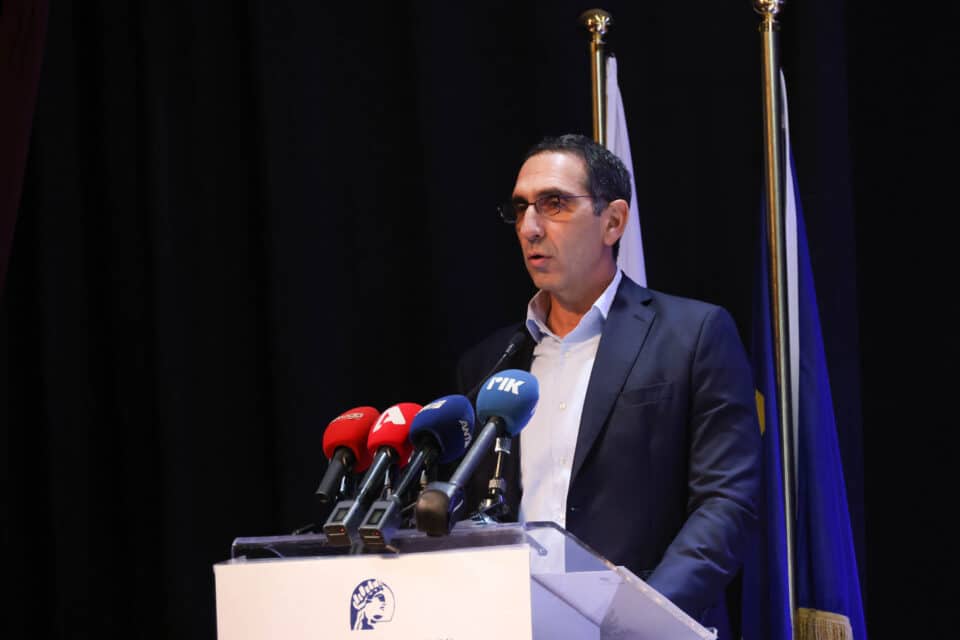 interior-minister-ioannou-960x640.jpg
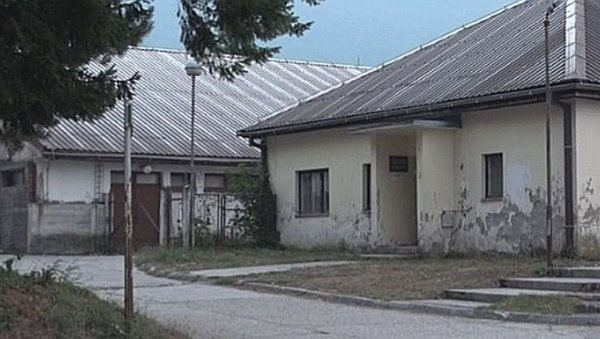 СКИДА СЕ ВЕО ТАЈНЕ СА ТАРЕ: У Фабрику дувана у Мојковцу после више од десет година ушли истражитељи тужилаштва СКИДА СЕ ВЕО ТАЈНЕ СА ТАРЕ: У Фабрику дувана у Мојковцу после више од десет година ушли истражитељи тужилаштва
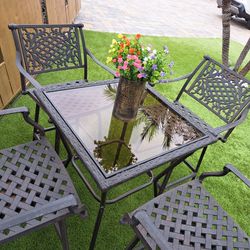 Patio set,table and 4 swivel Barstools/outdoor Furniture/Cash Only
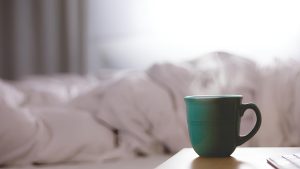 4 чашки в день: как этот напиток замедляет старение — выводы учёных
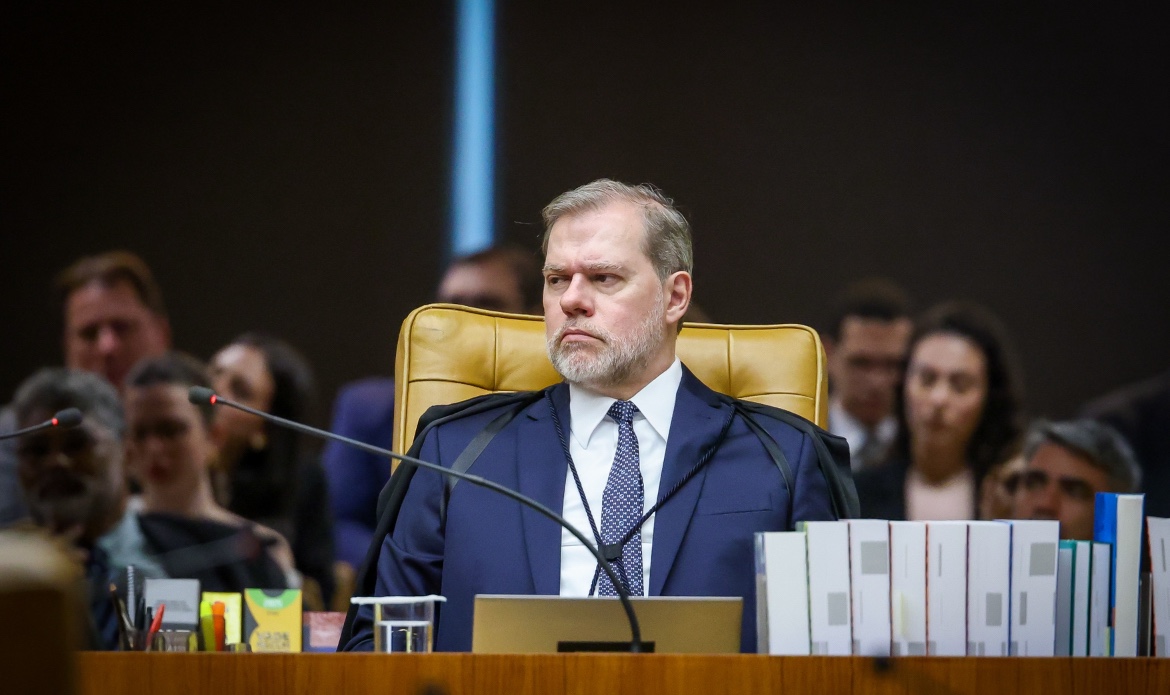 Senadores da oposição protocolam pedido de impeachment de Toffoli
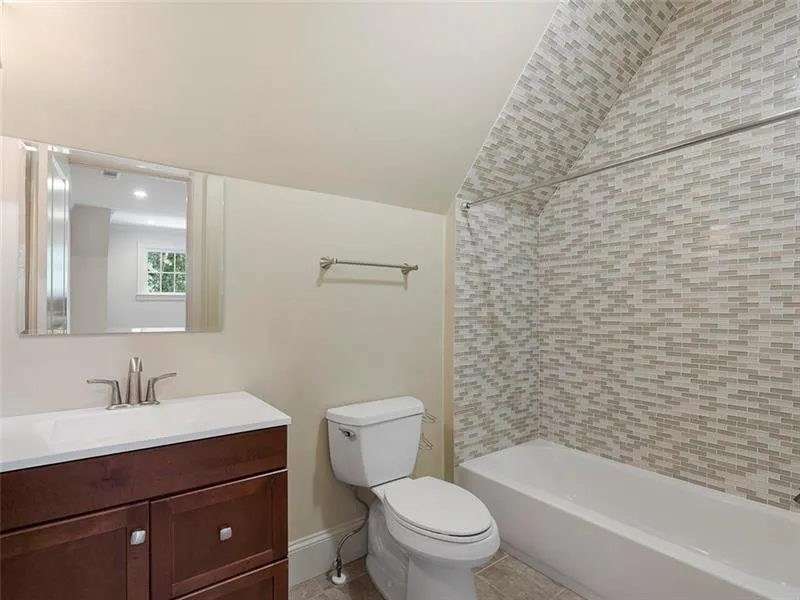 780 Brook Park Place, Sandy Springs, Georgia 30342, 6 Bedrooms Bedrooms, ,6 BathroomsBathrooms,Residential,Sold,780 Brook Park Place,6972607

________________

## What is expected
From the line containing "истражитељи тужилаштва СКИДА" to the last line of the listing above, transcribe each line exactly, skipping the pictures.

## Output for this task
 СКИДА СЕ ВЕО ТАЈНЕ СА ТАРЕ: У Фабрику дувана у Мојковцу после више од десет година ушли истражитељи тужилаштва СКИДА СЕ ВЕО ТАЈНЕ СА ТАРЕ: У Фабрику дувана у Мојковцу после више од десет година ушли истражитељи тужилаштва
 Patio set,table and 4 swivel Barstools/outdoor Furniture/Cash Only
 4 чашки в день: как этот напиток замедляет старение — выводы учёных
 Senadores da oposição protocolam pedido de impeachment de Toffoli
 780 Brook Park Place, Sandy Springs, Georgia 30342, 6 Bedrooms Bedrooms, ,6 BathroomsBathrooms,Residential,Sold,780 Brook Park Place,6972607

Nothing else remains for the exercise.